Pero, curiosamente, el campamento permaneció en silencio. Ningún centinela gritó y, ahora que Gerard se fijaba, no veía ninguna hilera de caballos estacados. En el campamento no se produjo ningún movimiento, ningún ruido, y empezó a pensar que lo habían abandonado durante la noche. Pero ¿por qué un ejército de varios centenares de hombres iba a marcharse dejando atrás tiendas y suministros?

¿Se habría dado cuenta la chica de que había tratado de abarcar más de lo que podía? ¿Había decidido escabullirse en la noche y así salvar su pellejo y el de sus hombres? Al recordarla, al recordar su fe en el dios Único, Gerard lo dudó.

Los Caballeros de Solamnia continuaron la carga, abriéndose a ambos lados del campamento en un amplio círculo. Siguieron cantando, pero el canto había perdido su magia, no podía disipar la inquietud que iba apoderándose de sus corazones. Aquel silencio era extraño, y no les gustaba. Olía a trampa.

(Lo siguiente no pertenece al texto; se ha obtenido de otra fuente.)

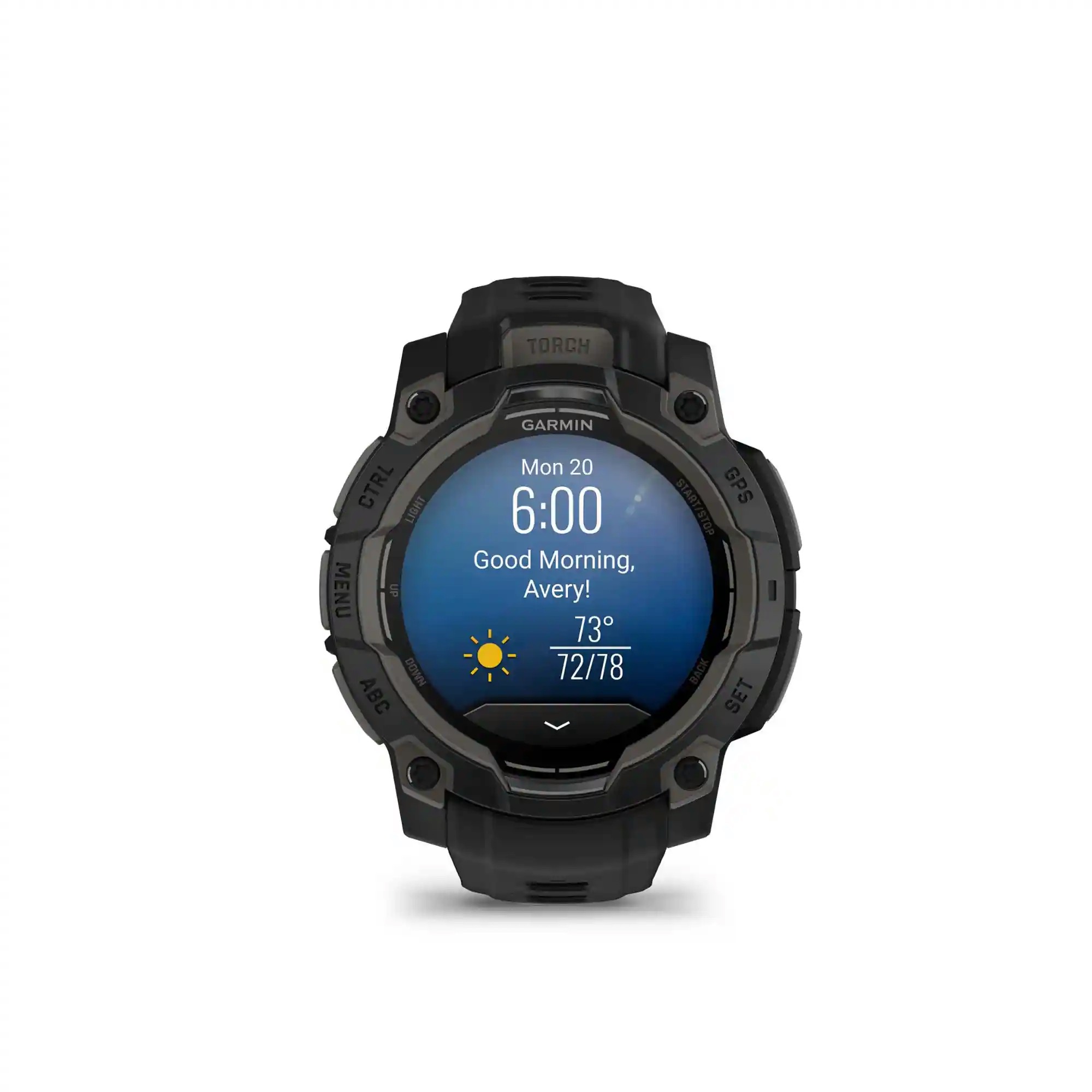 Garmin Instinct 3 Solar - Tactical Edition view 6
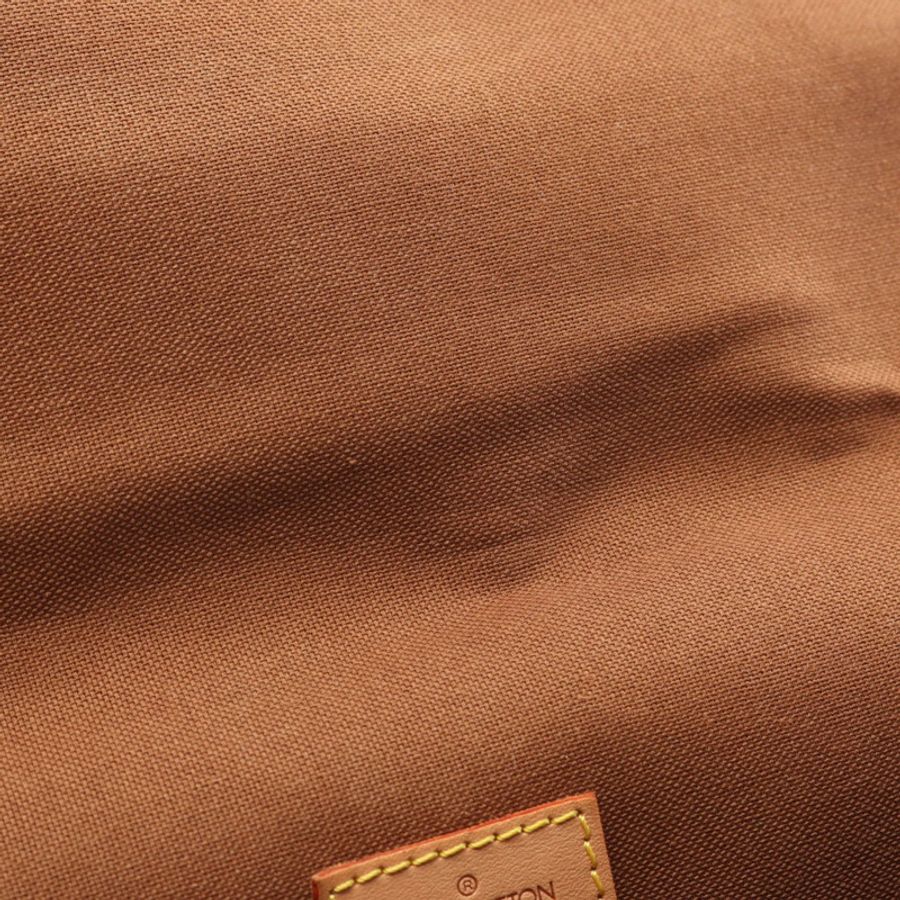原棕色花帆布 Bosphore PM 斜背肩背【LOUIS VUITTON LV 路易威登】M40106-6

A lord Tasgall, que dirigía la carga, se le planteaba un problema. ¿Procedería según lo planeado? ¿Cómo reaccionaría ante esa nueva e inesperada situación? Veterano de muchas campañas, lord Tasgall también era consciente de que ni siquiera la mejor estrategia sobrevivía al contacto con el enemigo. En este caso, sin embargo, el problema parecía ser la ausencia de contacto con el enemigo. Tasgall supuso que la chica había recobrado el sentido común, simplemente, y se había marchado. De ser así, sus tropas y él sólo habrían perdido unas pocas horas de sueño. Sin embargo, no podía darlo por hecho. Cabía la posibilidad de que fuera una trampa. Más valía pecar de precavido. Cambiar la estrategia sólo causaría confusión en sus hombres. El caballero coronel llevaría adelante el plan, pero alzó la mano para ralentizar la carga de la caballería a fin de que no se lanzara descuidadamente a lo que quiera que estuviera aguardando.